Routed in two figures of eight with the bustle of a very ‘social’ clubhouse at its centre, San Lorenzo neatly encapsulates the work of Lee, whose hallmarks are playability and fairness. His courses don’t leave high-handicappers running short of balls by the 12th hole; they forgive modest shots and reward fine ones with birdie and eagle chances. Even on modest sites such as Pine Tree he is renowned for creating courses that are ‘as much artistry as architecture’, sitting in elegant landscapes that soothe any pain suffered by competitors in the scenic playground he has created. Lee wanted to ensure a day playing golf was a day enjoyed, not a chore. His courses were not without protection though, usually in the form of undulating greens, cleverly-positioned hazards (in plain sight), and shapely bunkering. These trademarks are in evidence on the 1st at San Lorenzo Golf Course, a par 5 set in a U-shaped valley that turns left and then right. Drive bunkers on the first corner are supported by more ahead of and at the green, and so at 550 yards, this is no early gimme.

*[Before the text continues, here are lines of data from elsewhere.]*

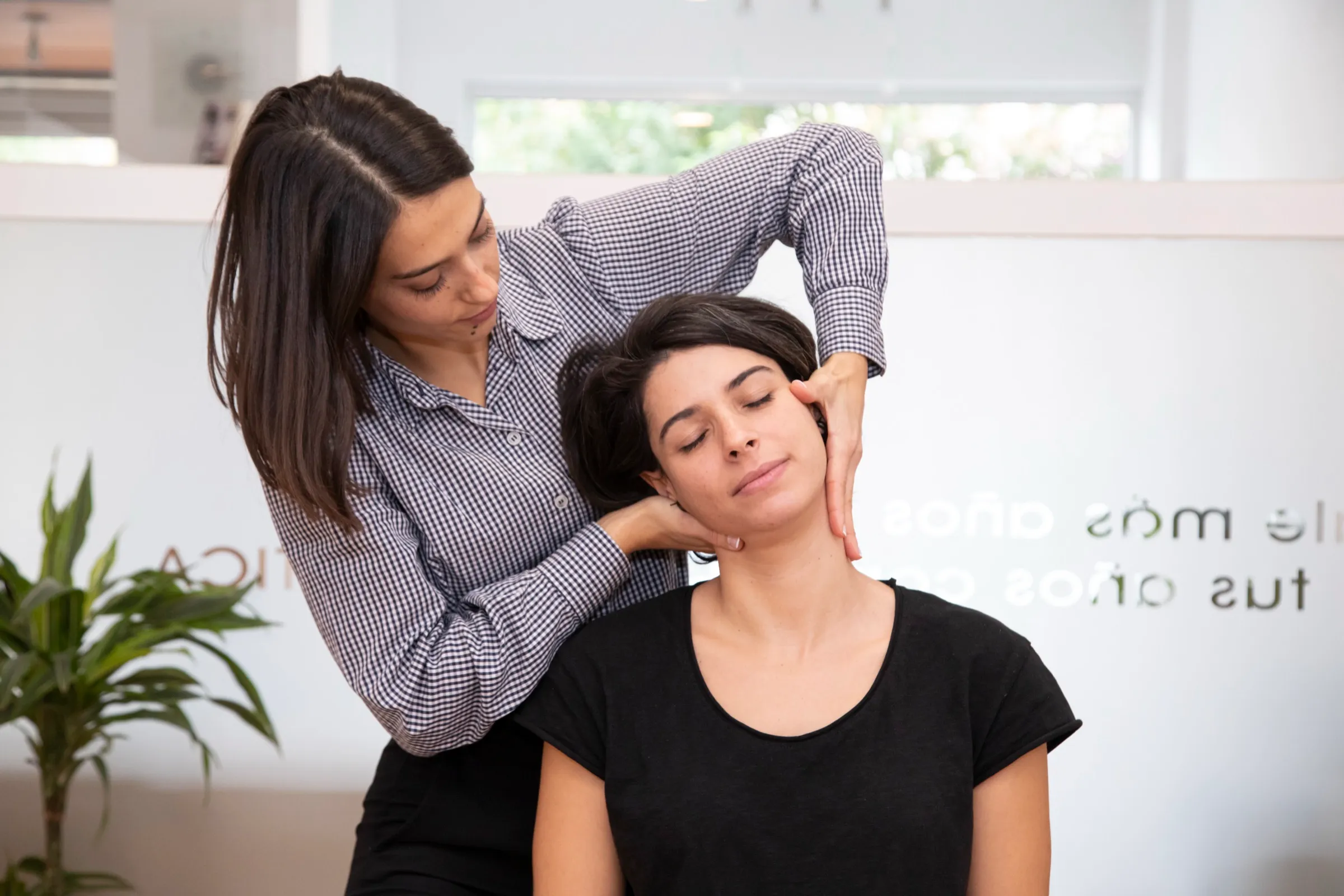 Ajuste cervical de una paciente sentada en la consulta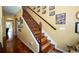 Hallway featuring a stained wood staircase with decorative accents and many framed photos at 7653 Stoney Hill Dr, Wesley Chapel, FL 33545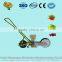 Manual hand push corn seeder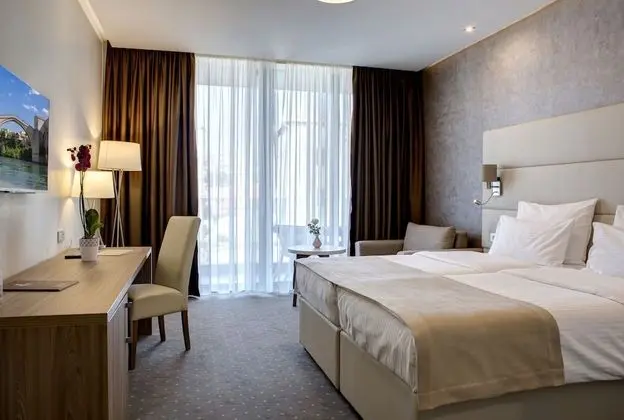 Deluxe Tek Büyük veya İki Ayrı Yataklı Oda, Balkon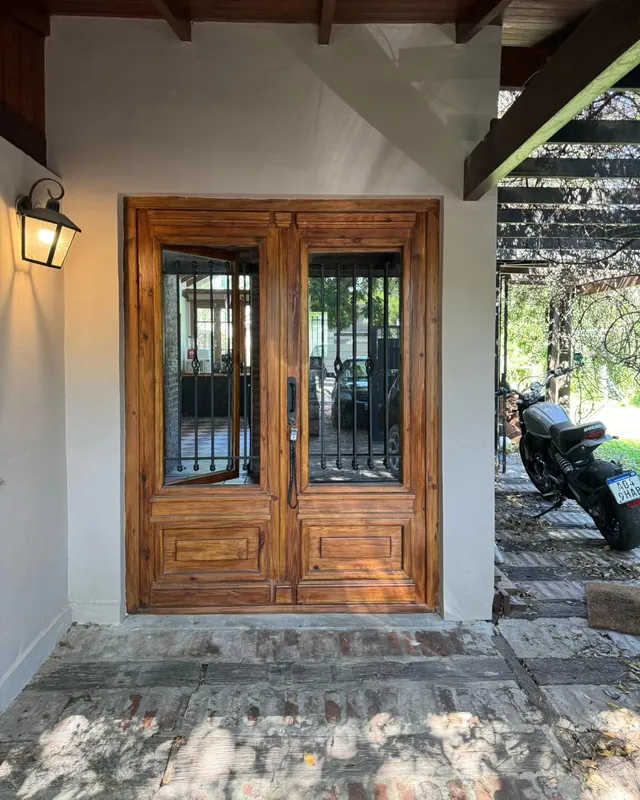 Double colonial door with iron grilles under a pergola
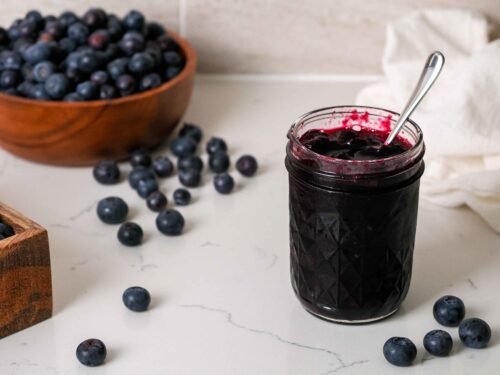 A jar of blueberry jam on a counter with blueberries.
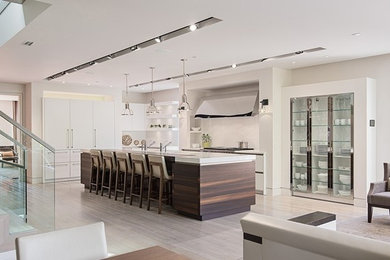 Example of a trendy eat-in kitchen design in Miami with an undermount sink, flat-panel cabinets, white cabinets, granite countertops, white backsplash, stone slab backsplash and stainless steel appliances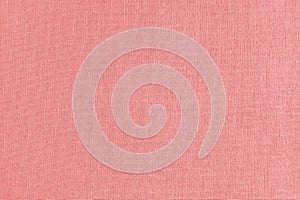 Texture background of red cotton fabric, cloth surface, weaving of linen fabric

The next three are actually more forgiving – a par 3 over a gully and then two short but acutely dog-legged two-shotters – before the legendary beauty of San Lorenzo is glimpsed on the 5th tee. The course’s shortest hole enjoys a majestic view – beyond a sprinkling of slender pines – of the beach and the Atlantic. Your journey to the seaside continues from the elevated tee of the 6th, from which you take in the sights, sounds and smells of the sea; the salty air, the chattering birds, the quacking ducks, the industrious fishermen. This is stroke one, though, and requires a drawn tee shot to ease you round the corner into the prime position from which to find the small green. Once there, you will putt under the gaze of joggers and cyclists passing on the path that runs along the estuary beach. It is a scene of idyllic tranquility... as long as you didn’t hook your drive into the shrub on the inside of the dog-leg.

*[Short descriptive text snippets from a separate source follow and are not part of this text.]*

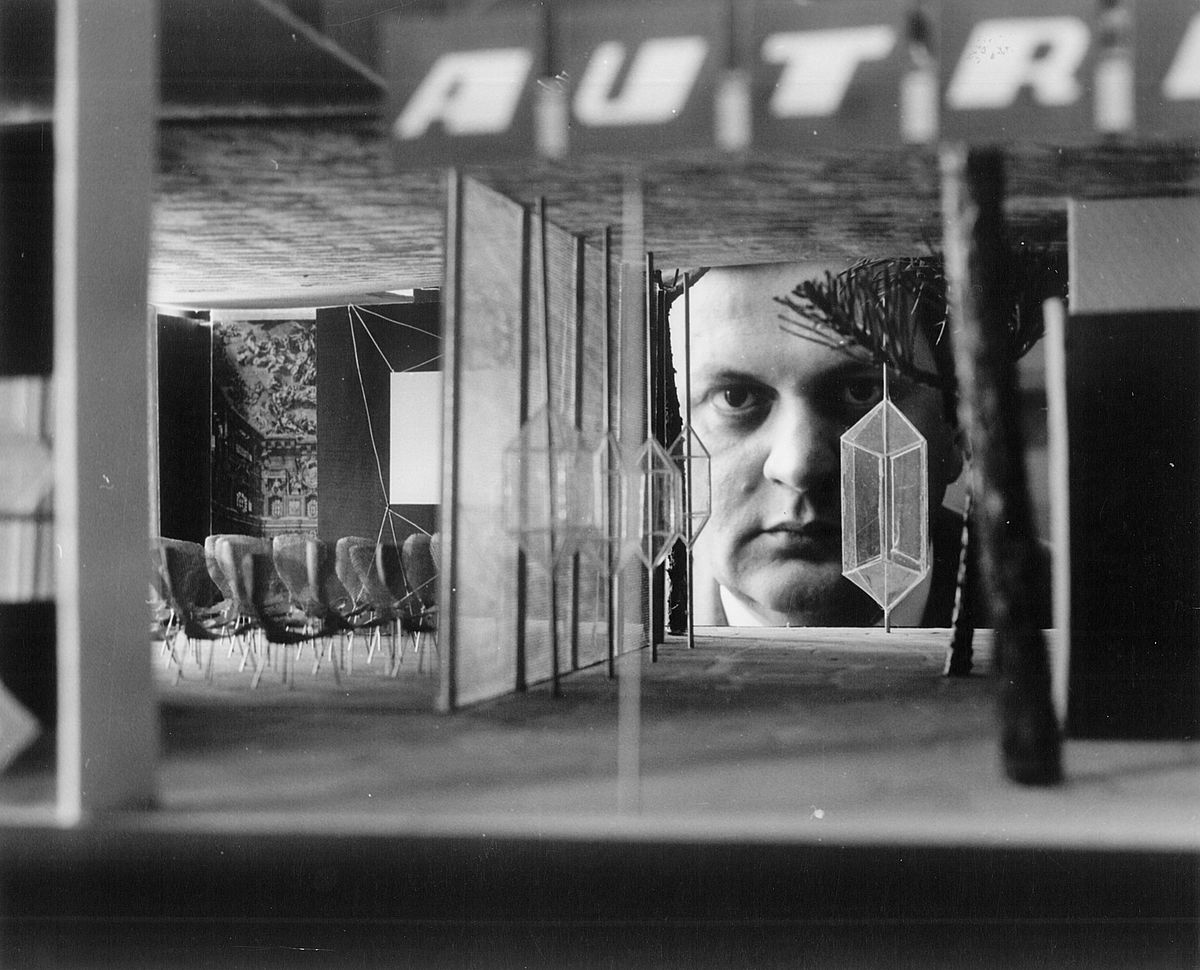 Schwarz-Weiß-Fotografie eines Ausstellungsraums mit Sitzgelegenheiten und modernen Dekorelementen. Im Hintergrund ist ein großformatiges Porträt Karl Schwanzers zu sehen.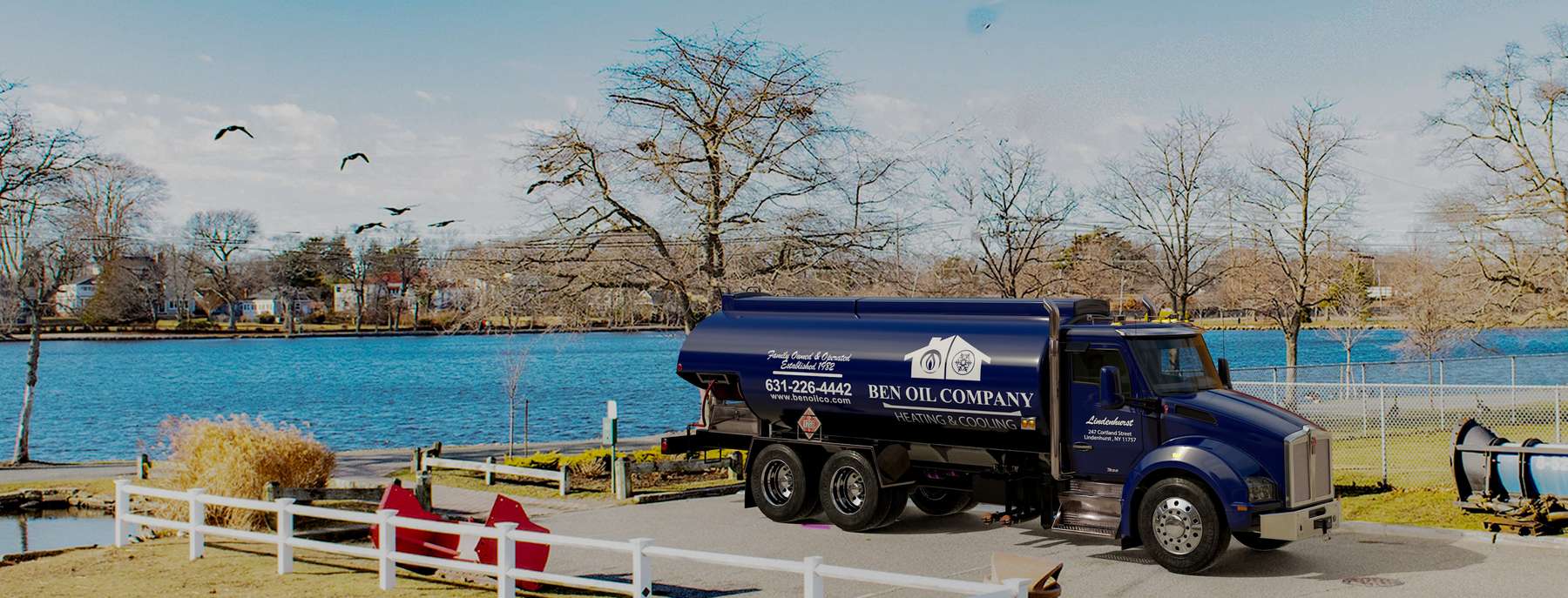 Ben Oil Heating Oil Truck Ben Oil residential home heating oil truck in a recreational area with bike racks and snow plows in Lindenhurst, Long Island, New York delivering fuel oil.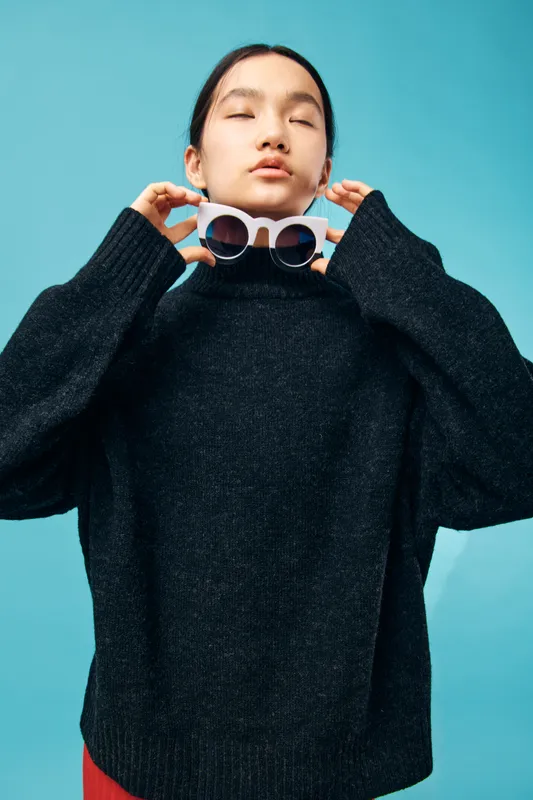 Young woman wearing black sweater holding white sunglasses near neck standing against blue background with closed eyes fashion style casual outfit comfortable clothes autumn season.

The 7th (see left) continues along the shoreline and begins from another elevated tee with an expansive panorama of sand flats and dunes, and while the 8th turns you inland, the wetland feel continues. A large lake lined by reeds lurks all the way down the right of a snaking fairway that is extremely narrow in places, meaning even lay-up shots are nervy affairs. This spectacular but dangerous par 5 ends on a square-shaped green that is guarded by water all along its front edge as well as to the right. The uphill 9th returns you to the clubhouse with something of a damp squib compared to what has gone before. That said, what has gone before is one of the most eye-catching stretches of golf in Continental Europe.
The back nine – which constitutes the top of the figure of eight – begins with a stout, twisting par 5 on a rollercoaster fairway and is followed with a nice-looking driving hole, the green seemingly perched at the foot of a mountain range. The lofty position of the 12th tee permits views of the wetlands over the tops of the pines and its benched fairway between bank and chasm means it is probably San Lorenzo Golf Course’s toughest test.
A run of nice par 4s ends with the dog-leg 13th, before the short 14th takes you to the edge of the salty lagoons and is followed up with the pick of the back nine’s short holes at the 16th, which enjoys an open feel around its wide but shallow elevated green. The 17th turns back inland and tracks the opposing edge of the lake that dominates the 8th. It is an appetiser for the grandstand finish, where water threatens on the left off the tee and then to the front, back and right of the tiny, well-bunkered green.
It is a pretty, fun but nicely anxious conclusion to one of the Continent’s finest courses. A course Ben Hogan himself would surely have enjoyed.